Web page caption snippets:

★ ★ ★ ★ ★ ★ ★

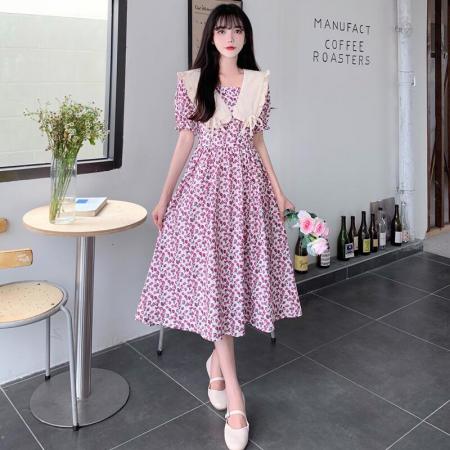 PF2643#大码女装法式碎花连衣裙夏季日系海军领遮腹初恋连衣裙洋气
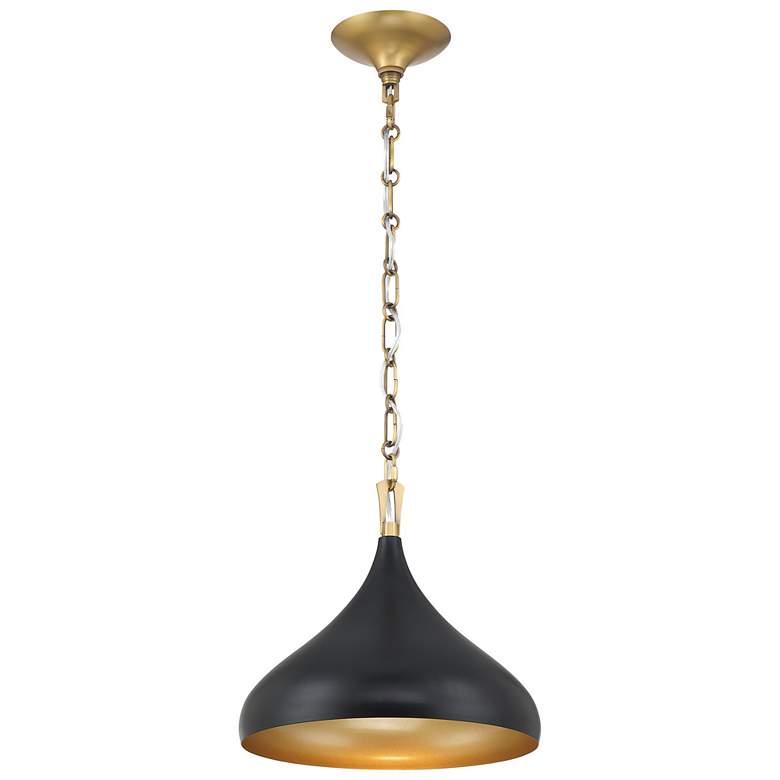 Image 1 Minka Lavery Cedar Lane 1-Light 12.75-in Brass and Black Pending Lighting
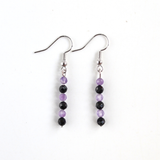 Bông tai đá Black tourmaline & Thạch anh tím amethyst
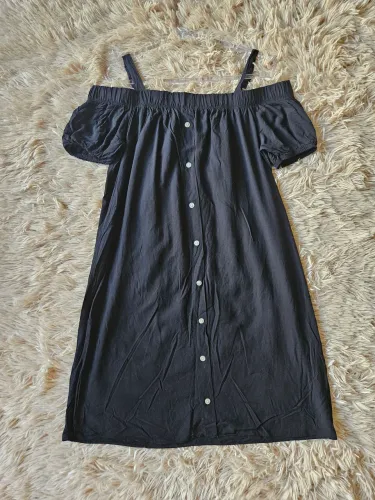 vestido ombro a ombro preto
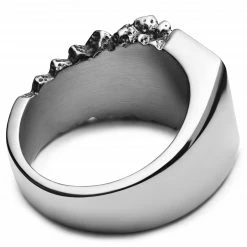 Arkai Orphic | Chevalière en acier inoxydable argenté à finition volcanique et zircones noires -BAGUES Soldes 3 2.68af27043fa4cbdd961c25734306875a 8 scaled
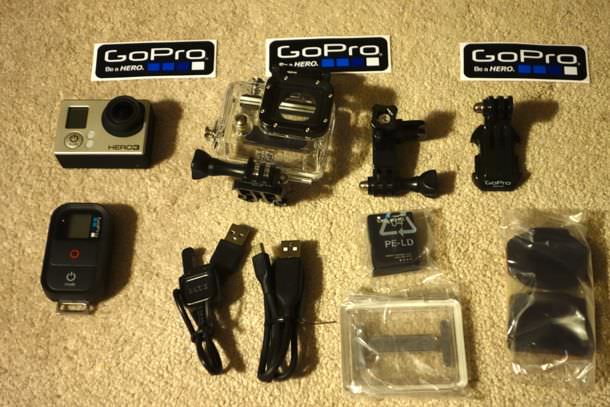 GoPro HERO3+ Black本体と防水ハウジング、マウント、Wi-Fiリモコンの一式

★ ★ ★ ★ ★ ★ ★

EXERCISE - Every line from the one containing "vestido ombro a ombro preto" through the last line of the data is to be retyped exactly, with nothing added and no pictures included.

EXERCISE SOLUTION -
 vestido ombro a ombro preto
 Arkai Orphic | Chevalière en acier inoxydable argenté à finition volcanique et zircones noires -BAGUES Soldes 3 2.68af27043fa4cbdd961c25734306875a 8 scaled
 GoPro HERO3+ Black本体と防水ハウジング、マウント、Wi-Fiリモコンの一式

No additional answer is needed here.